As Reason points out:

Wisconsin, in fact, did not make any such argument while defending the blood draw and even conceded that the situation was not so pressing that its officers couldn't take the time to get a warrant. At the trial court stage, the state even admitted that this was not a case of exigent circumstances. Instead, the state leaned heavily on the "implied consent" demand under Wisconsin law.

Sotomayor laid this out clearly in her dissent, noting that "Wisconsin has not once, in any of its briefing before this Court or the state courts, argued that exigent circumstances were present here. In fact, in the state proceedings, Wisconsin 'conceded' that the exigency exception does not justify the warrantless blood draw in this case."

She went further, pointing out that with advancements in technology and having judges on standby 24-hours a day that these officers could've obtained a warrant "within 5 to 15 minutes."

Acting entirely on its own freewheeling instincts—with no briefing or decision below on the question—the plurality permits officers to order a blood draw of an unconscious person in all but the rarest cases, even when there is ample time to obtain a warrant. The plurality may believe it is helping to ameliorate the scourge of drunk driving, but what it really does is to strike another needless blow at the protections guaranteed by the Fourth Amendment. With respect, I dissent.

As TFTP previously reported, states across the country — before this ruling further eroded the Fourth Amendment — were already conducting unconstitutional "no refusal DUI blood draw checkpoints."

Also, as the high profile case in Salt Lake City, Utah illustrated in 2017, police were entirely comfortable drawing blood on unconscious subjects without a warrant.
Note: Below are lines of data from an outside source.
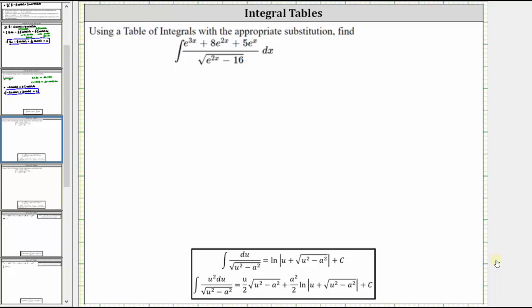We're asked to use a table of integrals with the appropriate substitution to determine the indefinite integral. If we focus on just the denominator — the square root of the quantity e to the power of two x minus 16 — and look through the integration tables, the given integral resembles the integration formula shown here, where the denominator is the square root of the quantity u squared minus a squared.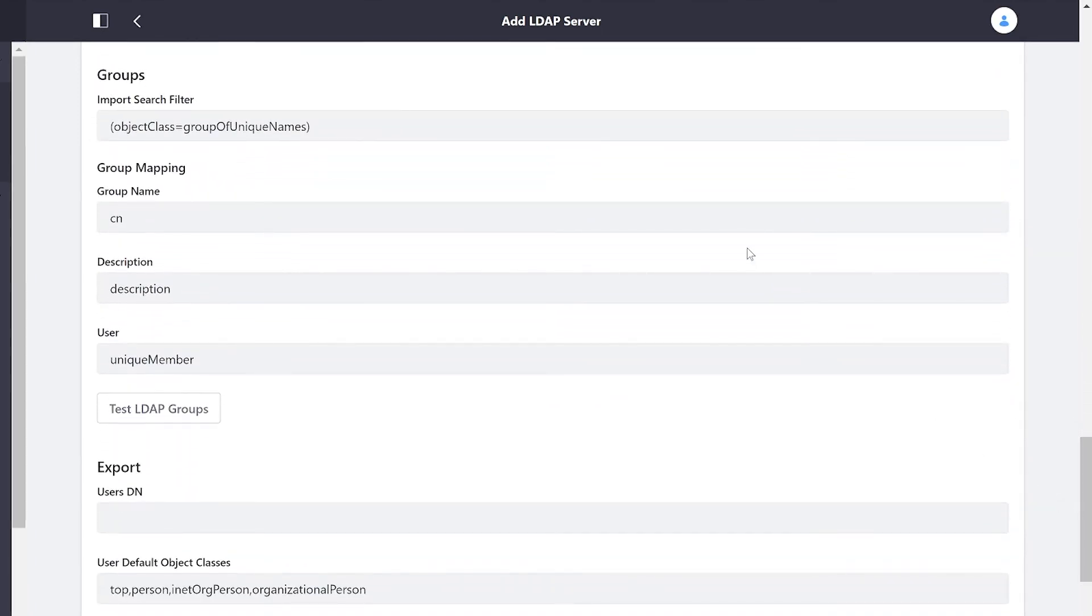We also have the option to do this for entire groups. We can take groups within LDAP and turn them into user groups in Liferay.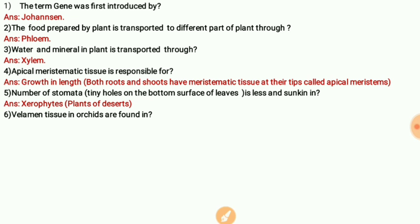The next question is: velament tissue in orchids is found in — the answer is roots. Velament tissue is found in the roots of orchids.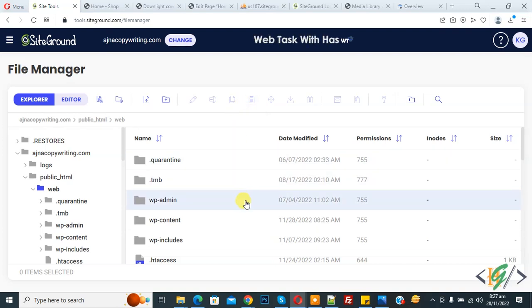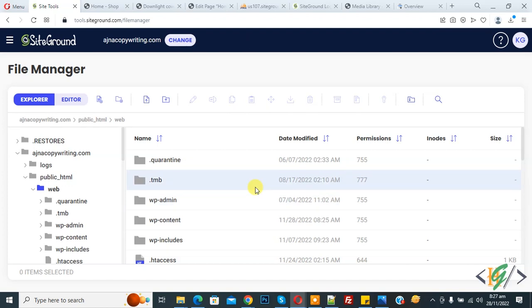Bismillahirrahmanirrahim. Asalaamu Alaikum, my name is Asan and today we are going to disable server signature using .htaccess file in website.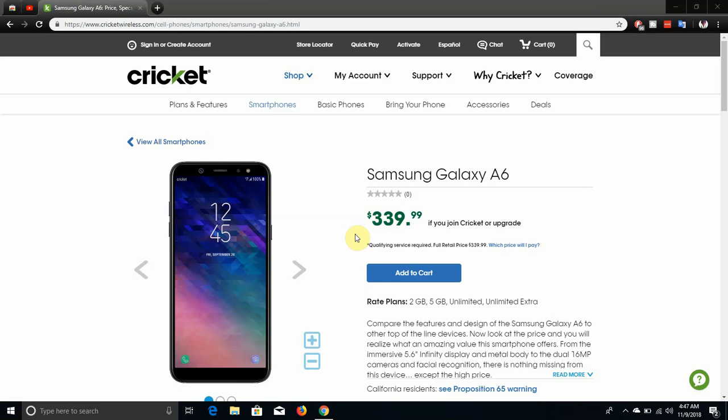The LG V20 user here, and today I'm doing a video about the Samsung Galaxy A6 for Cricket Wireless. This is a new phone for Cricket Wireless, it got released today, November 12th.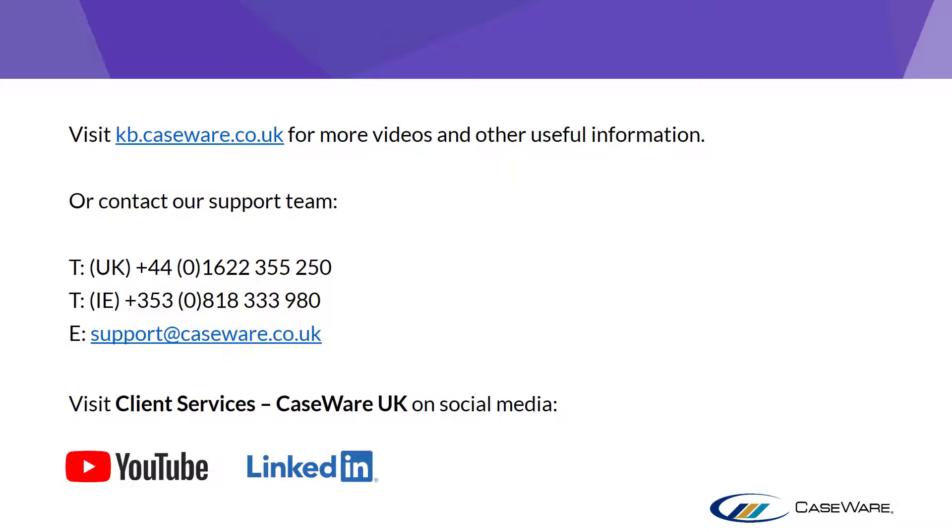For more videos and other useful information, you can visit our Knowledge Base or our Caseware Client Services YouTube channel or LinkedIn page.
In fact, as the arrest of Nurse Alex Wubbels showed the world, police were willing to kidnap and cage people for refusing to carry out these warrantless blood draws for them.

While Wubbles beat the charges stemming from her arrest over refusing to violate the constitution, this new ruling would have changed the outcome and she very well could be sitting in a cage right now for what was once believed to be a heroic act just two years ago.